Fa riflettere la reazione del mondo alla scoperta che Facebook accumula dati sui suoi utenti e consente agli altri di usarli. Da un giorno all’altro, sembra che gli utenti abbiano realizzato che Facebook accumula dati sui suoi utenti e li utilizza a scopi commerciali. Di botto, il mondo intero scopre che una piattaforma che permette di condividere opinioni, selfie e stati d’animo con tanto di geolocalizzazione potrebbe essere usati per scopi pubblicitari. Addirittura, che chiunque può accedere a questi dati semplicemente investendo dei soldi sugli strumenti pubblicitari offerti dell’azienda. Dopo anni finalmente si scopre che Zuckerberg non è un generoso mecenate bensì uno che coi dati che immagazzina ci fa un business miliardari. 
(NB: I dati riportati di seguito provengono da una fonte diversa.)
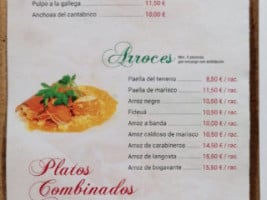 La Bambola menu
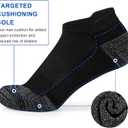 Ankle Socks Womens Athletic Running Comfort Cushioned 3/5/6Pairs (Black, XL)
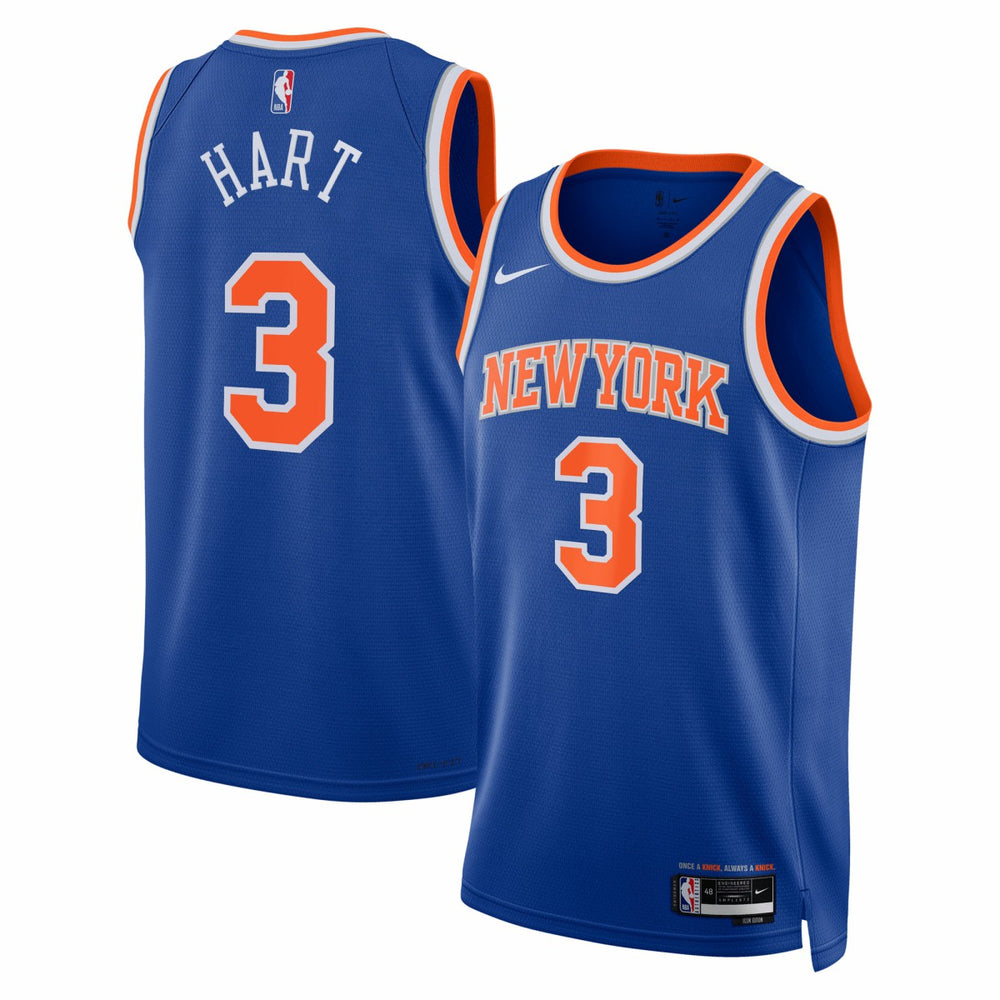 Josh Hart New York Knicks Unisex Swingman Jersey - Icon Edition - Blue outlet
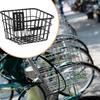 Front Kids Bike Basket Metal Sturdy Convenient Universal, Waterproof, Repair Part, Children Bicycle Basket, Easy Installation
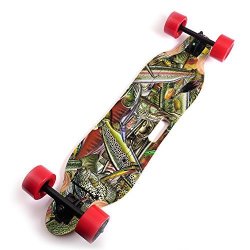 Mightyskins Skin For Blitzart Tornado 38" Electric Skateboard - Fish Puzzle Protective Durable And Unique Vinyl Decal Wrap Cover Easy To Apply
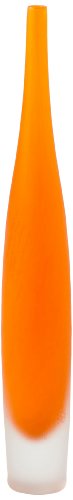 Global Views Spire Bottle-Mandarin-Sm Heimdekoration, Glas, Small von Global Views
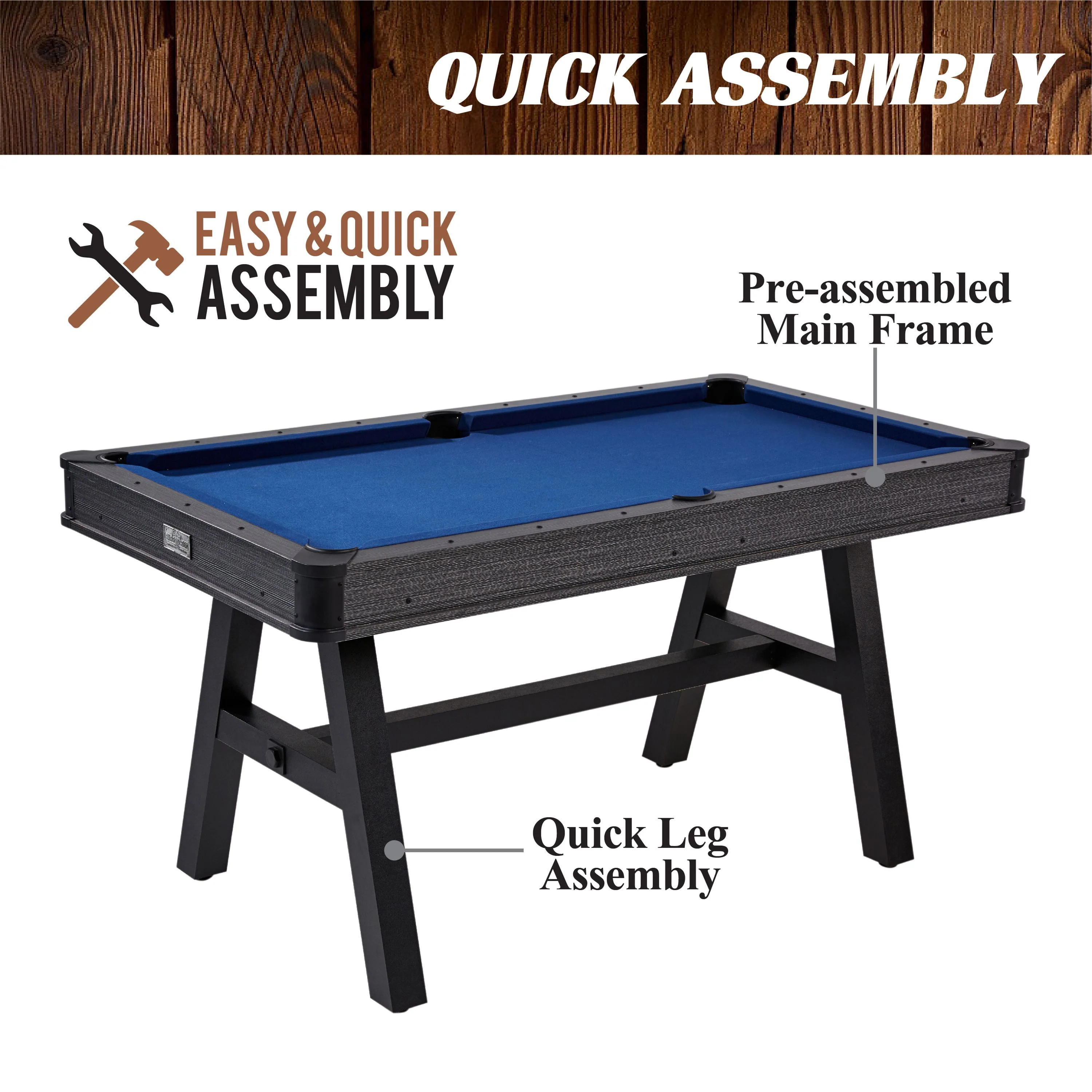 Barrington Billiard Harrison Collection 60 Pool Table, New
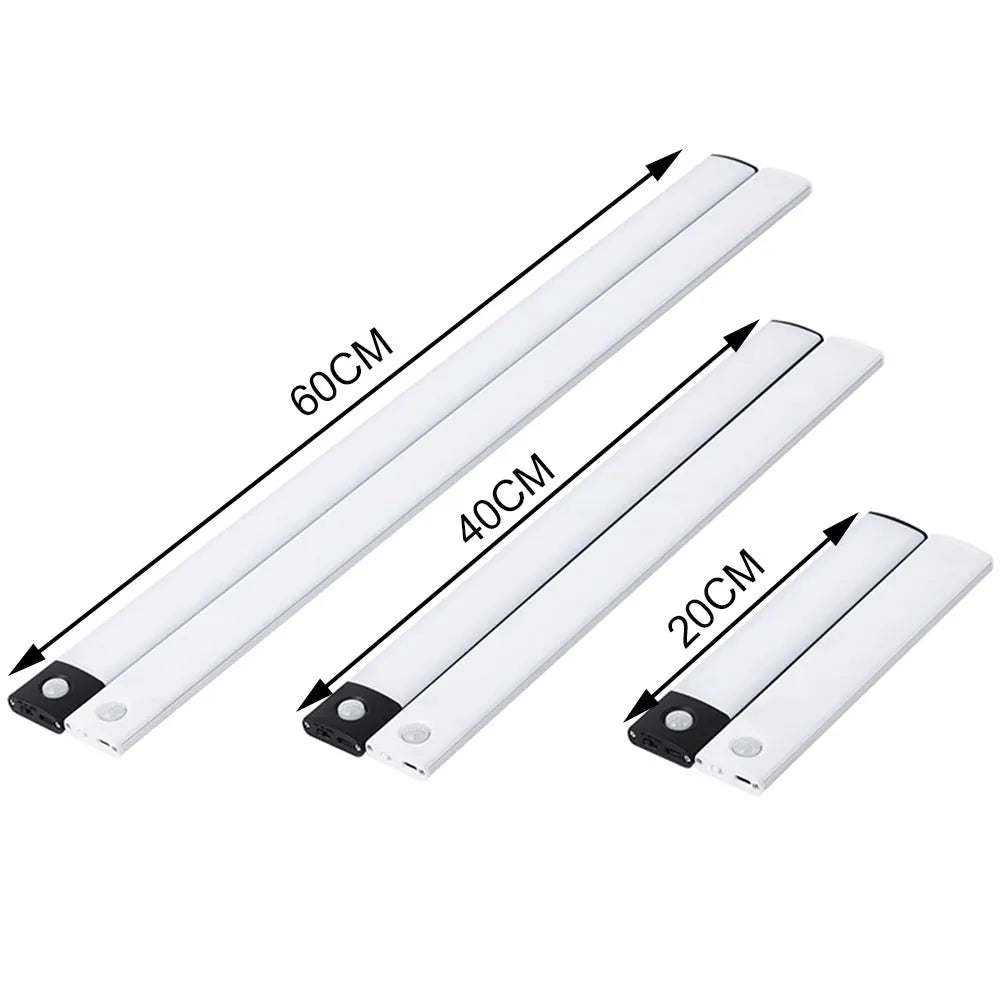 Motion Sensor Wireless LED USB Rechargeable Under Cabinet Light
Nonostante l’ovvietà, la notizia ha fatto più scalpore del dovuto e – inevitabilmente – gli strascichi iniziano a essere pesanti per la piattaforma di Zuckerberg che ora si trova ad affrontare class action, accuse di spiare anche gli SMS degli utenti Android (subito smentite) e attacchi da ogni dove. Magari dalla stessa gente che sino a poco tempo fa faceva lo stesso: quando Obama vinse le elezioni – vantandosi di aver saputo sfruttare bene i social – tutto era splendido. Oggi che al potere c’è il suo “avversario”, sfruttare (legalmente, sia chiaro) a scopi politici i dati diventa manipolazione. 

Zuckerberg, al contrario di quanto avrebbero fatto personaggi più combattivi e carismatici, ha preferito usare una particolare strategia per difendersi. Chiedere scusa, riconoscere l’errore (che forse non c’è, a ben vedere, perché già da anni è stato cambiato il modo in cui si potevano carpire dati – legalmente – tramite l’Open Graph) e addirittura comprare pagine sui quotidiani dove si cosparge il capo di cenere. Come mai? Il motivo è semplice: Facebook è in crisi da tempo. Certo, macina denaro come non ci fosse un domani e ha convinto quasi un terzo della popolazione mondiali a iscriversi alla piattaforma. Peccato che, rispetto all’inizio, la gente abbia iniziato a farsi furba, a capire come funziona la privacy e a cedere sempre meno informazioni personali.
Chi ha meno di 25 anni probabilmente non apre più il profilo Facebook, esattamente come nessuno apre più la vecchia mail creata con Yahoo tanti anni fa e sostituita da servizi migliori. In generale, chi è rimasto su Facebook ha imparato a limitare la privacy dei suoi post, a non accettare più le richieste di amicizia da profili la cui foto mostrava giovanissime e procaci ragazze russe. L’engagement era in discesa da tempo, tanto che Zuckerberg aveva annunciato un radicale  cambio di rotta a dicembre, quel Family First che avrebbe distrutto la visibilità organica delle pagine, pur di favorire i rapporti personali, pur di convincere la gente a offrire i dati che ormai non condivideva più, non su questa piattaforma. Tanto che per risollevarla si può pensare di ripensarla radicalmente, anche a costo di sconfessare quanto fatto finora.

Facebook oggi è come un elefante vecchio e malaticcio sul quale si stanno accanendo i suoi avversari e, soprattutto, i media. Gli stessi media che a Zuckerberg hanno venduto l’anima in cambio della visibilità e che poi hanno reagito male quanto gli è stato presentato il conto, sempre più salato, per continuare a godere di tanta esposizione. Gli stessi media che, a seconda dei risultati elettorali, lo definiscono o Sacro Graal o creazione del demonio.

Alla fine, per Zuckerberg il vero dramma non sono le accuse che gli si muovono, ma il fatto che arrivino nel momento peggiore, quando Facebook ha iniziato ad annoiare. Fortuna – per Mark –  che da un lato c’è Instagram che continua a prendere piede e dall’altro Youtube che inizia a creare scontenti fra i creatori e gli inserzionisti. Tanto, nel giro di qualche mese, gli strali dei media saranno rivolti altrove e della privacy non parlerà più nessuno. Non fino alle prossime elezioni USA, per lo meno.